May 06, 2013

Controlling LED on front of Pogoplug V2

I've recently been looking for some sort of network storage solution. My requirements were that it should be very flexible, both in terms of what it can be made to do and storage expandability, be easy to backup to something I can take off site, low power usage, low set up cost. I ended up buying a couple of Western Digital 2TB USB drives and attaching them to Pogoplug V2 that I found for sale on Amazon from a third party which I then made run Arch Linux ARM The V2 is a bit old now, the Pogoplug devices are currently on the fourth generation, but everything I read (e.g. http://fortysomethinggeek.blogspot.co.uk/2013/03/pogoplug-series-4-archlinux-review.html) indicated that the V2 is actually better for my purposes. The V4 has USB 3 ports compare to the USB 2 ports on the V2, but it negates the advantage by having a weaker CPU and fewer ports.

Anyway, the Pogoplug V2 (mine is actually black) has an LED illuminated logo on the front and it's possible to control that from within the Arch install. So I wrote I couple of scripts to do that.

One of them can be used to set or save the current colour and restore a saved colour.

#!/bin/bash

# /usr/local/bin/ledcolour

# n.b. blue is actually orange
trigger_green=/sys/class/leds/status\:green\:health/trigger
trigger_orange=/sys/class/leds/status\:blue\:health/trigger

save_green="/tmp/$(basename $0)_save_green"
save_orange="/tmp/$(basename $0)_save_orange"
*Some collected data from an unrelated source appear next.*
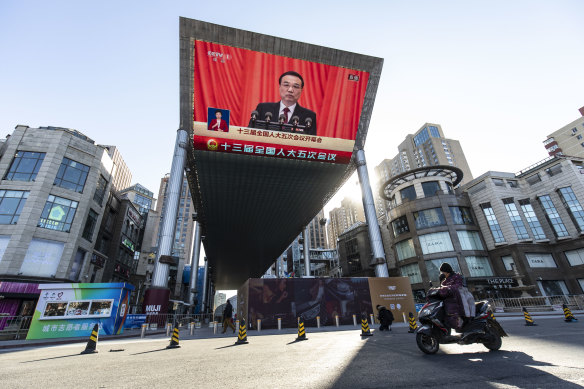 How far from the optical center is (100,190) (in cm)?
3291

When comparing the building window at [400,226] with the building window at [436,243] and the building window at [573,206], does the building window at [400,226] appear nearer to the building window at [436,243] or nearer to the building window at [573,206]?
the building window at [436,243]

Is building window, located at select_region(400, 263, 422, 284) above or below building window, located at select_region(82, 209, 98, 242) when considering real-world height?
below

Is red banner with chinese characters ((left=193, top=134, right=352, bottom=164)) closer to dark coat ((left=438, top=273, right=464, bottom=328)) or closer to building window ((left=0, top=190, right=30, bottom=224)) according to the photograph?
building window ((left=0, top=190, right=30, bottom=224))


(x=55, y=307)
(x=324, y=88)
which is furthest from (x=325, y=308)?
(x=324, y=88)

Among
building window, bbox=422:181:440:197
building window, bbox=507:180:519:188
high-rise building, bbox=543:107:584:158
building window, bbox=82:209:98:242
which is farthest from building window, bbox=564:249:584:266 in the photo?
building window, bbox=82:209:98:242

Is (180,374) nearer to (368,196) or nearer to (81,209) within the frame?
(368,196)

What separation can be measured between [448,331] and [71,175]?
3618 centimetres

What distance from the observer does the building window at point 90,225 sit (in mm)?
30023

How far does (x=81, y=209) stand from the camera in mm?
28938

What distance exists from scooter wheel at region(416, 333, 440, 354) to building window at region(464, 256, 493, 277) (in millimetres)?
40071

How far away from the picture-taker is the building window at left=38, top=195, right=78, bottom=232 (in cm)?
2622

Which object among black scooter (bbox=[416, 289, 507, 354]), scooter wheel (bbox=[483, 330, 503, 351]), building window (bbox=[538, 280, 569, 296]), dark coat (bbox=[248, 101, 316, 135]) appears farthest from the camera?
building window (bbox=[538, 280, 569, 296])

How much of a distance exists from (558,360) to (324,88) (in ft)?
89.6

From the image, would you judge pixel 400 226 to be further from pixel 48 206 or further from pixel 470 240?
pixel 48 206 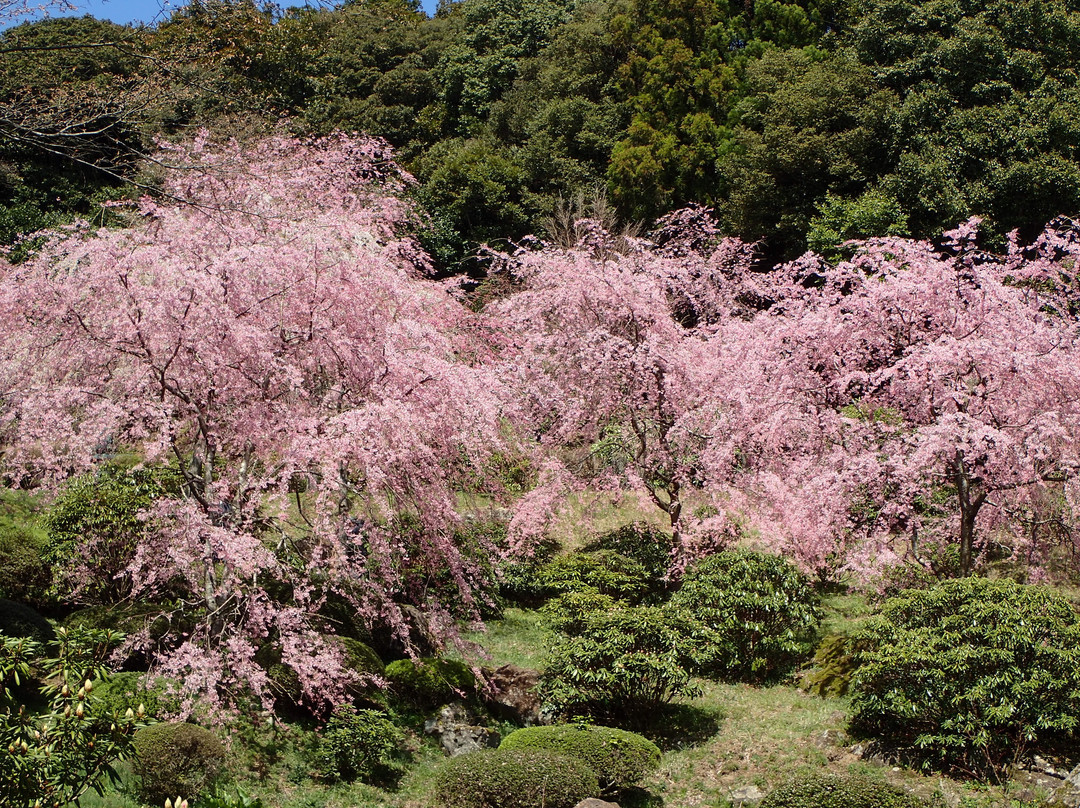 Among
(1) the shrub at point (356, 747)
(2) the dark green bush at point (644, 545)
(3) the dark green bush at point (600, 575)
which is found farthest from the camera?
(2) the dark green bush at point (644, 545)

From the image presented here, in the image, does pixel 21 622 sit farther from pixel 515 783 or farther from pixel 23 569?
pixel 515 783

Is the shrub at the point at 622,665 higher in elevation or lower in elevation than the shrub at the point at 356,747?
higher

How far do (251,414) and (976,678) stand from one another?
25.2ft

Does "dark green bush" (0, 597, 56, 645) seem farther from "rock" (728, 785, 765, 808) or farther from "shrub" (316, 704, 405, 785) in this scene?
"rock" (728, 785, 765, 808)

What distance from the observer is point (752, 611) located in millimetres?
11648

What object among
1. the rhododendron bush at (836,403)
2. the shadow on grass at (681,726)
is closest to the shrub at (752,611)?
the rhododendron bush at (836,403)

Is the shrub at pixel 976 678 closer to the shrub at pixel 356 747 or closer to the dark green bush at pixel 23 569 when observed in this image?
the shrub at pixel 356 747

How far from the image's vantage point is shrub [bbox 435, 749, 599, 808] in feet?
25.8

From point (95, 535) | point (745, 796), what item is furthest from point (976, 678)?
point (95, 535)

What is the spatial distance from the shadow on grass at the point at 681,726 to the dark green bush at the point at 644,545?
3530 mm

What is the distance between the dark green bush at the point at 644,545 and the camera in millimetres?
14430

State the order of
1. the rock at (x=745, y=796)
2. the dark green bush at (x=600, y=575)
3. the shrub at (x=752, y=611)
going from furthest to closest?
1. the dark green bush at (x=600, y=575)
2. the shrub at (x=752, y=611)
3. the rock at (x=745, y=796)

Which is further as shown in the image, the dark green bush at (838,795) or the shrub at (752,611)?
the shrub at (752,611)

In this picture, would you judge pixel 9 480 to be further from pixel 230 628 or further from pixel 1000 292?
pixel 1000 292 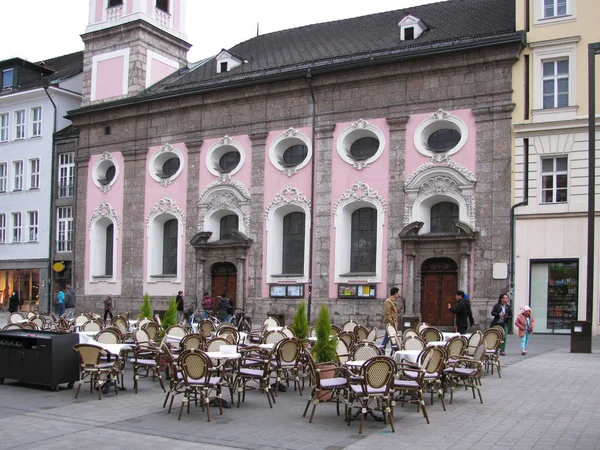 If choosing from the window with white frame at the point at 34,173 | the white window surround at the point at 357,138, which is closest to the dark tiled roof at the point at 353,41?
the white window surround at the point at 357,138

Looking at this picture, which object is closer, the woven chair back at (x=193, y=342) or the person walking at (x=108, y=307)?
the woven chair back at (x=193, y=342)

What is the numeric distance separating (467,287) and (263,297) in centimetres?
831

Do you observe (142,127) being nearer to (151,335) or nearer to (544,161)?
(544,161)

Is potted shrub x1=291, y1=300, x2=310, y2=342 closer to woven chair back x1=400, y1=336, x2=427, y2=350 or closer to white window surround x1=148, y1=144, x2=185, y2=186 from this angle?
woven chair back x1=400, y1=336, x2=427, y2=350

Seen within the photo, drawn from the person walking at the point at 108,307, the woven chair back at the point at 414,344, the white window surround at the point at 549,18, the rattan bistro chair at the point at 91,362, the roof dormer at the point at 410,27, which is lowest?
the person walking at the point at 108,307

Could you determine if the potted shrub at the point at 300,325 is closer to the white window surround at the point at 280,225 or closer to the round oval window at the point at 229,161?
the white window surround at the point at 280,225

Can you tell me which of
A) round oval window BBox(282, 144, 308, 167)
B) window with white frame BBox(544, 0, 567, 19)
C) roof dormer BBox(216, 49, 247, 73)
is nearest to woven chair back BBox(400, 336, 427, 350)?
window with white frame BBox(544, 0, 567, 19)

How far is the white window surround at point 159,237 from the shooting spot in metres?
32.7

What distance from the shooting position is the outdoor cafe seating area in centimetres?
1037

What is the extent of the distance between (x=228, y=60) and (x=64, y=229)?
473 inches

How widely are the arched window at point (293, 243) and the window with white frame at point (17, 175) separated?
1667cm

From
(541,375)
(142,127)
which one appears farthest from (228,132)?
(541,375)

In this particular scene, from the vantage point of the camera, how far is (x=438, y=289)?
27094 millimetres

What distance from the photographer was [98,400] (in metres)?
12.0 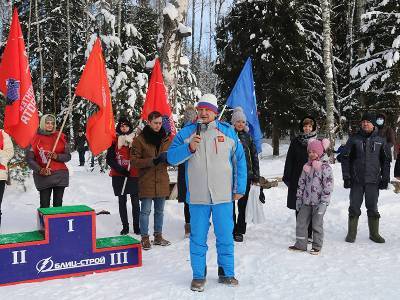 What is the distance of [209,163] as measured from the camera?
Result: 15.1 feet

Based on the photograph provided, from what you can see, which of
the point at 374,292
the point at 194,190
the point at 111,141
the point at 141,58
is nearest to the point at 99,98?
the point at 111,141

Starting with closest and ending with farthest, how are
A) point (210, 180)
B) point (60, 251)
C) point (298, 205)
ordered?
point (210, 180) < point (60, 251) < point (298, 205)

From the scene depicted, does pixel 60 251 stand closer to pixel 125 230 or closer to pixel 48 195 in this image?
pixel 48 195

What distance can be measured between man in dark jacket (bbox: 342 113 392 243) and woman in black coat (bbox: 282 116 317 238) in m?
0.65

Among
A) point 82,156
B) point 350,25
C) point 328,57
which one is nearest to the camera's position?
point 328,57

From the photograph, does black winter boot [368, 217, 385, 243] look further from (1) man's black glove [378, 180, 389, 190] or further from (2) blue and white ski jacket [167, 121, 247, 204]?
(2) blue and white ski jacket [167, 121, 247, 204]

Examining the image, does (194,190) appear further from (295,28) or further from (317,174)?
(295,28)

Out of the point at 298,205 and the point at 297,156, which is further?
the point at 297,156

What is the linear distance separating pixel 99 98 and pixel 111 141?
67 cm

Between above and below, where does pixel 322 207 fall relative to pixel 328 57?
below

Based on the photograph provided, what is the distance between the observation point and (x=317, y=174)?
6.04m

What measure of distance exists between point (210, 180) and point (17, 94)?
341 centimetres

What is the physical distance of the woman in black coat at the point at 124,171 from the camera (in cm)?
698

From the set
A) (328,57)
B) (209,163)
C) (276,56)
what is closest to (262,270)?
(209,163) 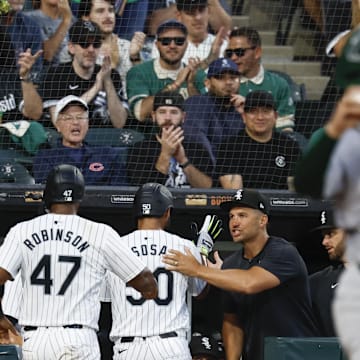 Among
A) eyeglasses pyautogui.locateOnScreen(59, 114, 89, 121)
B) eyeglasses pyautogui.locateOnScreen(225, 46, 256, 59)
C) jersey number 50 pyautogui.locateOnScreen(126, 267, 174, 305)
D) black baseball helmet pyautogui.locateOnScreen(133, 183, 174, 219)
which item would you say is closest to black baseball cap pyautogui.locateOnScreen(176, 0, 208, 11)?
eyeglasses pyautogui.locateOnScreen(225, 46, 256, 59)

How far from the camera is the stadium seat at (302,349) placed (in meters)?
5.75

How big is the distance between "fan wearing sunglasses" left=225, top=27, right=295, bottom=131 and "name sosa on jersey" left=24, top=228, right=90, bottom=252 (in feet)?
9.96

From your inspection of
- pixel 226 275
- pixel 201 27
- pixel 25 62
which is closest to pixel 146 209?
pixel 226 275

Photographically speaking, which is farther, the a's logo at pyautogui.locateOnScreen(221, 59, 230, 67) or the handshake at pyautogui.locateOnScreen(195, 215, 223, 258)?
the a's logo at pyautogui.locateOnScreen(221, 59, 230, 67)

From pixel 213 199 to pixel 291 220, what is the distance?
21.8 inches

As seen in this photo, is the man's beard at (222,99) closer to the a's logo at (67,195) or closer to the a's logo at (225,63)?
the a's logo at (225,63)

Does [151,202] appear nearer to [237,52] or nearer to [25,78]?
[25,78]

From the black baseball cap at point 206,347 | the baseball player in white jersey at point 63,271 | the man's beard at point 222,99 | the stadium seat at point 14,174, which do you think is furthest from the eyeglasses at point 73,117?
the baseball player in white jersey at point 63,271

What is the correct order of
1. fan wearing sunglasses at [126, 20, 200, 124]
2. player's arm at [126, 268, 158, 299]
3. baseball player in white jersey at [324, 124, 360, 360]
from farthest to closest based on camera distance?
fan wearing sunglasses at [126, 20, 200, 124]
player's arm at [126, 268, 158, 299]
baseball player in white jersey at [324, 124, 360, 360]

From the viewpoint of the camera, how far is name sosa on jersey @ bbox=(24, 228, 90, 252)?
5188mm

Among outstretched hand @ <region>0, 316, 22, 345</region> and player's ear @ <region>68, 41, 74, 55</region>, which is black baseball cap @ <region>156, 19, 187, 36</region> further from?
outstretched hand @ <region>0, 316, 22, 345</region>

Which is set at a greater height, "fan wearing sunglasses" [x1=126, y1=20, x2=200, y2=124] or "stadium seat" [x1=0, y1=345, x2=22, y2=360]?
"fan wearing sunglasses" [x1=126, y1=20, x2=200, y2=124]

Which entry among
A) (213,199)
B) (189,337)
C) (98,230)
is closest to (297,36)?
(213,199)

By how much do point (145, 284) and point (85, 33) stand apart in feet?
10.6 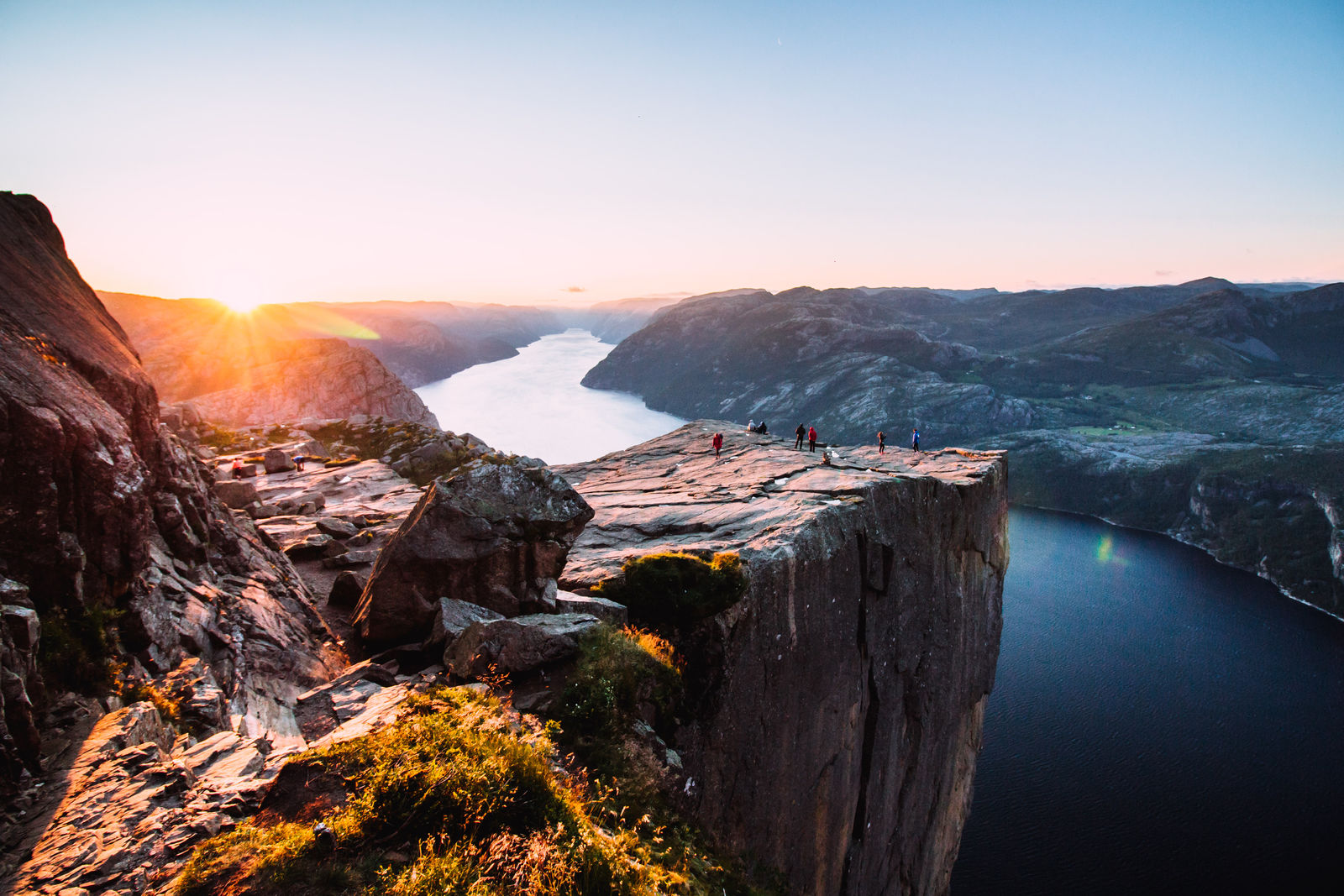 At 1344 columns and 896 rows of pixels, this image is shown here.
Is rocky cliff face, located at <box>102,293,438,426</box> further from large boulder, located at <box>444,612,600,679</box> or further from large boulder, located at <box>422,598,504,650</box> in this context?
large boulder, located at <box>444,612,600,679</box>

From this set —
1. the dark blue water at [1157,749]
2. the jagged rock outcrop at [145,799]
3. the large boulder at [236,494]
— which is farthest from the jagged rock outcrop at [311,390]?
the dark blue water at [1157,749]

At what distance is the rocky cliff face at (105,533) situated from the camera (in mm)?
8773

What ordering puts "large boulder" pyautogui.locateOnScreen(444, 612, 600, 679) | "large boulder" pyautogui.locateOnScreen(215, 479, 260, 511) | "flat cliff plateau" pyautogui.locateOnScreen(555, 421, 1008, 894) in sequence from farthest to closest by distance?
"large boulder" pyautogui.locateOnScreen(215, 479, 260, 511) → "flat cliff plateau" pyautogui.locateOnScreen(555, 421, 1008, 894) → "large boulder" pyautogui.locateOnScreen(444, 612, 600, 679)

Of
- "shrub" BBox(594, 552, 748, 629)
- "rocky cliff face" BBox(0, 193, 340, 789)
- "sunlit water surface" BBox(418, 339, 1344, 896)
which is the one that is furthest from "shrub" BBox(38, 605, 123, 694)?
"sunlit water surface" BBox(418, 339, 1344, 896)

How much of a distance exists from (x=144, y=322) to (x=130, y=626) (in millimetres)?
202240

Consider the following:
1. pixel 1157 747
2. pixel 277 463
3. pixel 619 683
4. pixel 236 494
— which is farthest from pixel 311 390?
pixel 1157 747

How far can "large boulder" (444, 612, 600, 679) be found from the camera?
11.1 metres

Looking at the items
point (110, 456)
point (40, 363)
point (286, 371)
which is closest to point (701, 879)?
point (110, 456)

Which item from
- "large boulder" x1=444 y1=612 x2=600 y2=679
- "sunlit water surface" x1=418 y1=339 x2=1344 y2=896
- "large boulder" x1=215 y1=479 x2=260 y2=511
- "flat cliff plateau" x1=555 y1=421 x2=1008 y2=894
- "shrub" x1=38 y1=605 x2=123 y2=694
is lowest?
"sunlit water surface" x1=418 y1=339 x2=1344 y2=896

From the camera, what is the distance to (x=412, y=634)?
46.3 ft

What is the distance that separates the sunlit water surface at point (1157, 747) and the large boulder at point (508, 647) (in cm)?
5950

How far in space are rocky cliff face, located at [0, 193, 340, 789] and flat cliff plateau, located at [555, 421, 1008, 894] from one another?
25.8ft

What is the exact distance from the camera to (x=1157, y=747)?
68500 mm

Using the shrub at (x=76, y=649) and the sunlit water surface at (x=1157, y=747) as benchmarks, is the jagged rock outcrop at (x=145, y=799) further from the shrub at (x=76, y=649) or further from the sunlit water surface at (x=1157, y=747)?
the sunlit water surface at (x=1157, y=747)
if [ ! -w "${trigger_green}" ];then
echo "trigger files are not writable or do not exist. try as root"
exit 1
fi

if [ -z "${1}" ];then
echo "Usage: $(basename $0) colour|save|restore"
echo "Examples:"
echo "$(basename $0) green"
echo "$(basename $0) yellow"
echo "$(basename $0) orange"
echo "$(basename $0) off"
echo
echo "Save current led state with"
echo "$(basename $0) save"
echo "and restore it later with"
echo "$(basename $0) restore"
exit 1;
fi

case $1 in
"green" )
echo default-on > "${trigger_green}";
echo none > "${trigger_orange}";
;;
"orange" )
echo none > "${trigger_green}";
echo default-on > "${trigger_orange}";
;;
"yellow" )
echo default-on > "${trigger_green}";
echo default-on > "${trigger_orange}";
;;
"off" )
echo none > "${trigger_green}";
echo none > "${trigger_orange}";
;;
"save" )
grep -o '\[.*\]' "${trigger_orange}" | sed 's/\[//;s/\]//' > "${save_orange}";
grep -o '\[.*\]' "${trigger_green}" | sed 's/\[//;s/\]//' > "${save_green}";
;;
"restore" )
cat "${save_green}" > "${trigger_green}";
cat "${save_orange}" > "${trigger_orange}";
;;
esac


The other can be used to flash between off and a specified colour or cycle through a sequence of colours. It allows specifying the duration for each colour and the number of iterations.

#!/bin/bash

# /usr/local/bin/ledflash

# save current led state
ledcolour save

# restore that state on script exit
trap "ledcolour restore" EXIT

if [ -z "${1}" ];then
echo "Usage: $(basename $0) colour[,colour[,colour]] [interval] [iterations]"
echo "Examples:"
echo "Flash green for ever with default interval:"
echo "$(basename $0) green"
echo "Flash green for ever with interval of 0.5 seconds:"
echo "$(basename $0) green 0.5"
echo "Flash green and yellow for ever with interval of 0.5 seconds:"
echo "$(basename $0) green,yellow 0.5"
echo "Flash green yellow orange five times with interval of 5 seconds:"
echo "$(basename $0) green,yellow,orange 5 5"
exit 1;
fi

p=1;
test -n "${2}" && p=$2

iterations=0
test -n "${3}" && iterations=$3

OIFS=$IFS
IFS=,
colourarray=($1)
IFS=$OIFS

if [ ${#colourarray[@]} = 1 ];then
colourarray[${#colourarray[*]}]='off';
fi

flipon=${#colourarray[@]}
flipcount=0;

loopcount=0;
while true;do
ledcolour ${colourarray[flipcount]};
sleep $p;
((flipcount++))
if [ $flipcount -eq $flipon ];then
flipcount=0
((loopcount++))
test $loopcount -eq $iterations && exit;
fi
done

Edit: forgot to say, there is a file called brightness in the directory along with the trigger file and a max_brightness file that suggests the brightness file takes a value up to 255. Sadly no matter what value I put in the brightness file, the brightness of the LED(s) did not change. I couldn't find any information about controlling the brightness. Which is a shame. I was hoping to write a script to mimic the pulsing power LED of a sleeping Mac.